What you should do: Report every line of the records beneath this task that holds the string "lush".

Task data:
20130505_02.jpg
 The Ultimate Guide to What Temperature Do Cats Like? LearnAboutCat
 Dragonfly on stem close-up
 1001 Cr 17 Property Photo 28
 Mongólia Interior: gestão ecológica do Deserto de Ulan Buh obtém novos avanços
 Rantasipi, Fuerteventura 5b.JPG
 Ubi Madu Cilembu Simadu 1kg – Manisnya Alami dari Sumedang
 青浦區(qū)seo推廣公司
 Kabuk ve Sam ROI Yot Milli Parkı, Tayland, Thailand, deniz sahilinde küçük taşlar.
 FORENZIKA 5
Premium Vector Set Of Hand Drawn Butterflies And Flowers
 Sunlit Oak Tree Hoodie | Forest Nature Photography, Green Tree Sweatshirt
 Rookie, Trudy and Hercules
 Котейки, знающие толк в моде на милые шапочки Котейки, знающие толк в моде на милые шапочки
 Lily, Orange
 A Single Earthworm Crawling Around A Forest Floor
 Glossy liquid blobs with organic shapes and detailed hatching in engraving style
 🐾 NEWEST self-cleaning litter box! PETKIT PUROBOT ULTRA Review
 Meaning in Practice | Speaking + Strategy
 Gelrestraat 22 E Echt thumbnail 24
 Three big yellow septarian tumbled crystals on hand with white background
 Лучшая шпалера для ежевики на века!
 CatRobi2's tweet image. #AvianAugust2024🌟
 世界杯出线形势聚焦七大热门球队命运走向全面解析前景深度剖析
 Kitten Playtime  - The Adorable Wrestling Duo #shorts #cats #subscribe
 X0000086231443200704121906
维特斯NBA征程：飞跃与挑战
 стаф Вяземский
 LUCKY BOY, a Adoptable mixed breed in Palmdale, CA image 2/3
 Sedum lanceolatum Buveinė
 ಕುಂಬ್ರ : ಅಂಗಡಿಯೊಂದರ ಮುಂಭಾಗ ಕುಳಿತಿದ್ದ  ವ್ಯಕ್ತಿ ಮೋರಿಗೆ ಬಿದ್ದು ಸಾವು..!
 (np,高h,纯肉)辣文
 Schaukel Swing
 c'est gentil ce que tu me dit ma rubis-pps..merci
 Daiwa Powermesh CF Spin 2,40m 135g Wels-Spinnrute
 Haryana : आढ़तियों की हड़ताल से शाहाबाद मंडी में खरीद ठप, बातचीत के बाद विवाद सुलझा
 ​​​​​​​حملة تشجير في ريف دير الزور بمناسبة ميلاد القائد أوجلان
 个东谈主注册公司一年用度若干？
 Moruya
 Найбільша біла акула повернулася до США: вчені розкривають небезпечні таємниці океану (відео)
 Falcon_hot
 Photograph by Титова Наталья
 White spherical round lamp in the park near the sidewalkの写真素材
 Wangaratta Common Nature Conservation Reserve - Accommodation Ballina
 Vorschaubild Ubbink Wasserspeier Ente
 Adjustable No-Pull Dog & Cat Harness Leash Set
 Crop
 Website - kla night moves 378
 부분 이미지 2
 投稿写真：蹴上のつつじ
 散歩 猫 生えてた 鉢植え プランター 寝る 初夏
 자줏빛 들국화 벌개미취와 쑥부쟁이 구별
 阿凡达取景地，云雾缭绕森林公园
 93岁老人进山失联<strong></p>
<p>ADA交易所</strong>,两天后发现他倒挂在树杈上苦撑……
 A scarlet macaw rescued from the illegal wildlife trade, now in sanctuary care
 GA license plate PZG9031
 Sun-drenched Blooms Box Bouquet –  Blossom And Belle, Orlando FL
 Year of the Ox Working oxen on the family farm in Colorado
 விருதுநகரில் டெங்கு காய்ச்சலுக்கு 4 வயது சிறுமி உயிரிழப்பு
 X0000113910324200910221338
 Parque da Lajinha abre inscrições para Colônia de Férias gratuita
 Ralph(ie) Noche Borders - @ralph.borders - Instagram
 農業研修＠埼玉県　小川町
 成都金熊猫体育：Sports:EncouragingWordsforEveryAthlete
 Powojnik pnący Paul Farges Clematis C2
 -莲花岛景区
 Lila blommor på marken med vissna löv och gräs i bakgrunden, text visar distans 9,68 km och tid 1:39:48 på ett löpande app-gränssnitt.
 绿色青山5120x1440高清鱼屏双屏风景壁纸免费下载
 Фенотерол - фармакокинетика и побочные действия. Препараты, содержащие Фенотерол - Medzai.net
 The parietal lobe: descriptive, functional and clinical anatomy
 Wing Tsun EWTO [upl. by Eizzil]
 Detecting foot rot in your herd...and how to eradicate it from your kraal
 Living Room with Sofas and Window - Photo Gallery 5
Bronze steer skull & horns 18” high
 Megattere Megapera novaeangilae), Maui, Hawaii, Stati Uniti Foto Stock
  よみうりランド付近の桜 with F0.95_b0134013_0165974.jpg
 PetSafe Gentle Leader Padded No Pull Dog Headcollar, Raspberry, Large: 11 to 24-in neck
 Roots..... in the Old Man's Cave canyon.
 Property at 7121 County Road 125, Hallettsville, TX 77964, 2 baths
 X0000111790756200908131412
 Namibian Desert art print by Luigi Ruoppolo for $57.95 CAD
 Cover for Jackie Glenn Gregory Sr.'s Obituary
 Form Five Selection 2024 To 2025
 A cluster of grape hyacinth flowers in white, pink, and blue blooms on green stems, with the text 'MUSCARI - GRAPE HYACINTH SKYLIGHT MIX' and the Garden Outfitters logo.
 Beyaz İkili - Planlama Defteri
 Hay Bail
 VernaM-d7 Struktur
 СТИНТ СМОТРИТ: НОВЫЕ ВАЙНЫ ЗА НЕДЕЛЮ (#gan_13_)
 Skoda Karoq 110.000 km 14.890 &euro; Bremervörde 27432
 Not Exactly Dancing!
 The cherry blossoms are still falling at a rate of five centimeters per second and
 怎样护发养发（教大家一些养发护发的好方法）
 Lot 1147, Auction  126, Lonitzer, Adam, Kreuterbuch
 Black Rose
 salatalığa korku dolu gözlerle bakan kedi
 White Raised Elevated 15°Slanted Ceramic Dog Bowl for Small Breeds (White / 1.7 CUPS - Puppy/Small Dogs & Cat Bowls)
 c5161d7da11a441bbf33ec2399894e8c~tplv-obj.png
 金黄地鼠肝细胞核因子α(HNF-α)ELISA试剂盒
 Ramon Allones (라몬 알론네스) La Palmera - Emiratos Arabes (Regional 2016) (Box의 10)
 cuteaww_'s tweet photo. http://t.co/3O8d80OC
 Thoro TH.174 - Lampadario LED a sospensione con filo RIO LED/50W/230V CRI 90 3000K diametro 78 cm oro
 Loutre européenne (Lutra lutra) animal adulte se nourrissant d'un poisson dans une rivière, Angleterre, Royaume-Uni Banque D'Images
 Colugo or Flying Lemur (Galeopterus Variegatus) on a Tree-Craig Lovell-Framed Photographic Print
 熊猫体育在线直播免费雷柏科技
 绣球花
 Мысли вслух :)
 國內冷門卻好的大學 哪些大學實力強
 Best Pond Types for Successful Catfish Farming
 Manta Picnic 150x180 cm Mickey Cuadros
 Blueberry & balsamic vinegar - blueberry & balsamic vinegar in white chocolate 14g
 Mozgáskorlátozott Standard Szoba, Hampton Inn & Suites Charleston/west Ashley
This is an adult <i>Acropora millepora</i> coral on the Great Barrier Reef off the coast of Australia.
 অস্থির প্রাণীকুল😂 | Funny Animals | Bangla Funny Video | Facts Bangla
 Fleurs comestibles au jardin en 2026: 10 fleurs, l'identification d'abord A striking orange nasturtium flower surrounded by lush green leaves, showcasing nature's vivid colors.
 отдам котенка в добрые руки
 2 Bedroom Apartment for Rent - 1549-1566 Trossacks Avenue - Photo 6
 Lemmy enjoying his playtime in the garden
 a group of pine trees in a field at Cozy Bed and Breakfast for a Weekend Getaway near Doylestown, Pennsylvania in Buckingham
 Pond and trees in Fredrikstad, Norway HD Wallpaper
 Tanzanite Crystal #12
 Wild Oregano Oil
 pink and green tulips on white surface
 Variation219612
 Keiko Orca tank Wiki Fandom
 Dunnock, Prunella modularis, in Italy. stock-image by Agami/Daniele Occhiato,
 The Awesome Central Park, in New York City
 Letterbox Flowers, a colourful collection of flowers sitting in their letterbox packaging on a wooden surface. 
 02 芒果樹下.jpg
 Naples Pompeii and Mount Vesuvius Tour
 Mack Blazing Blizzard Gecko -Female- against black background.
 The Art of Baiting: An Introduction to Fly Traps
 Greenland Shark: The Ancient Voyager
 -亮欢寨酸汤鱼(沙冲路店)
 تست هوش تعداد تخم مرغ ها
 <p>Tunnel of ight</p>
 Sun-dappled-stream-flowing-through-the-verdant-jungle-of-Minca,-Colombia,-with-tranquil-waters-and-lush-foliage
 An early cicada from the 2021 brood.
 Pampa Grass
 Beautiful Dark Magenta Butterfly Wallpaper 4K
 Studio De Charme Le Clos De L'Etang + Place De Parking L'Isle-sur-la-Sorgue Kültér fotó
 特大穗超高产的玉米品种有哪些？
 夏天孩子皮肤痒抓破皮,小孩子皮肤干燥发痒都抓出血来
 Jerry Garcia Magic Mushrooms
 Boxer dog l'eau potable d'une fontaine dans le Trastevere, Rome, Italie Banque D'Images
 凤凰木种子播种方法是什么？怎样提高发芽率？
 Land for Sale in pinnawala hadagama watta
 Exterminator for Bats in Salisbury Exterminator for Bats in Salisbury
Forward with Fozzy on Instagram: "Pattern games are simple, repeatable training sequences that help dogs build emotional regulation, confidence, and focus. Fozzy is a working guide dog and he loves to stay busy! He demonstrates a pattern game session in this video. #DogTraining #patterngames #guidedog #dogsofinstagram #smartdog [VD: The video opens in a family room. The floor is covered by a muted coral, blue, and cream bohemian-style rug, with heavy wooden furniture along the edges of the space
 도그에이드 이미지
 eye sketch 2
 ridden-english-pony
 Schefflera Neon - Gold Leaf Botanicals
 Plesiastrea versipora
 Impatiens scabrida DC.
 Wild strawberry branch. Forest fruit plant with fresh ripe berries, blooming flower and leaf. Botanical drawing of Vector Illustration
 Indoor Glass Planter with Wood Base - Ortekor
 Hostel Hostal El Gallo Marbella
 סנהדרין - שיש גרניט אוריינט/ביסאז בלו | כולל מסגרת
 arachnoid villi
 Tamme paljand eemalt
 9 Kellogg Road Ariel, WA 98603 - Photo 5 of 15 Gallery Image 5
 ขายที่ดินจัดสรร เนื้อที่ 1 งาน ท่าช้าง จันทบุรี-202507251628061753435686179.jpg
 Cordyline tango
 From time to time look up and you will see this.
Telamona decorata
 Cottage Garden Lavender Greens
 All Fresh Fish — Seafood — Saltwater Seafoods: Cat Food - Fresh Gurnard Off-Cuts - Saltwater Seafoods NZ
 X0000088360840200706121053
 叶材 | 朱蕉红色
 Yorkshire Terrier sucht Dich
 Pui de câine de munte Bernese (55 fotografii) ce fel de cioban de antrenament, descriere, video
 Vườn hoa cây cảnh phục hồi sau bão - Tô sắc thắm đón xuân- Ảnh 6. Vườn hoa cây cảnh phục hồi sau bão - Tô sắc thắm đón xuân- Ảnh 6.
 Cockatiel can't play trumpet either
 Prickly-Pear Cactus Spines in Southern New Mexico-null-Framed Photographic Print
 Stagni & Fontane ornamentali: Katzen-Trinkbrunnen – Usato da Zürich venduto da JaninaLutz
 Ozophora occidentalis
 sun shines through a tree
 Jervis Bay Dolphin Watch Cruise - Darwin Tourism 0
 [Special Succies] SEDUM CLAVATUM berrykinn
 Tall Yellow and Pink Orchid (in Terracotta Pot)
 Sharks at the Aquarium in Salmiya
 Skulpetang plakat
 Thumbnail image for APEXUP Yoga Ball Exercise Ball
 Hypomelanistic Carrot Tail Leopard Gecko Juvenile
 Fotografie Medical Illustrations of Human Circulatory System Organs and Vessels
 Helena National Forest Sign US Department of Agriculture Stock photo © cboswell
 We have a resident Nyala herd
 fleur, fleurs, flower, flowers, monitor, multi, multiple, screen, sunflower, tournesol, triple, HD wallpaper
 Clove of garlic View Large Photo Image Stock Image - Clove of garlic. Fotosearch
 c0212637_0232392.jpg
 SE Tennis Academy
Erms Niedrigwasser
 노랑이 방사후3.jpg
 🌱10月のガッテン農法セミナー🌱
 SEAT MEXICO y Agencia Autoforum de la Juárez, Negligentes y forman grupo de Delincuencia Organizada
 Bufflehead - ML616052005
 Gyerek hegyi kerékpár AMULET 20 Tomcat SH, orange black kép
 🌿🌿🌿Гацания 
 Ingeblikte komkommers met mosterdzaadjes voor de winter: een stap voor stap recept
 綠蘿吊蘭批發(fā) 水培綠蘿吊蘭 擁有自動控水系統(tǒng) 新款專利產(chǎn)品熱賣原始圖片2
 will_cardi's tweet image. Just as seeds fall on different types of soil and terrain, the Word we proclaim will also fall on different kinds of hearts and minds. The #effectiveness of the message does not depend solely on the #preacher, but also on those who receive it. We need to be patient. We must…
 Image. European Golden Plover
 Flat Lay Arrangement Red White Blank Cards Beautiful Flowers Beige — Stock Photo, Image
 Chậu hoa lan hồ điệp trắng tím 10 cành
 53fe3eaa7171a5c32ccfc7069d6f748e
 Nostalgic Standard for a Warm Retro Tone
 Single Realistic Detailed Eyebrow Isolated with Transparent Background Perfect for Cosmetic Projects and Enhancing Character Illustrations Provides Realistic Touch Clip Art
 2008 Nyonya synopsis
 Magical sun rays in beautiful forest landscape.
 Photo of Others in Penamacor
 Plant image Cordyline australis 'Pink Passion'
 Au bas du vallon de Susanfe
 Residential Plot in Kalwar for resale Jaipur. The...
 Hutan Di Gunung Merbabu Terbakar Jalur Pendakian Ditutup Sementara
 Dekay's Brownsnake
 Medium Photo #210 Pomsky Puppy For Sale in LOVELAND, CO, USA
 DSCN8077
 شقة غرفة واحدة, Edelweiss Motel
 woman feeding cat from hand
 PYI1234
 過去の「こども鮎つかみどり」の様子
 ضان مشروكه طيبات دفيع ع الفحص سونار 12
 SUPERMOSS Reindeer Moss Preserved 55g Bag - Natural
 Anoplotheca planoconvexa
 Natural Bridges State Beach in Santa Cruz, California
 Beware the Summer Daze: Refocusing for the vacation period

Worked solution:
 Fleurs comestibles au jardin en 2026: 10 fleurs, l'identification d'abord A striking orange nasturtium flower surrounded by lush green leaves, showcasing nature's vivid colors.
 Sun-dappled-stream-flowing-through-the-verdant-jungle-of-Minca,-Colombia,-with-tranquil-waters-and-lush-foliage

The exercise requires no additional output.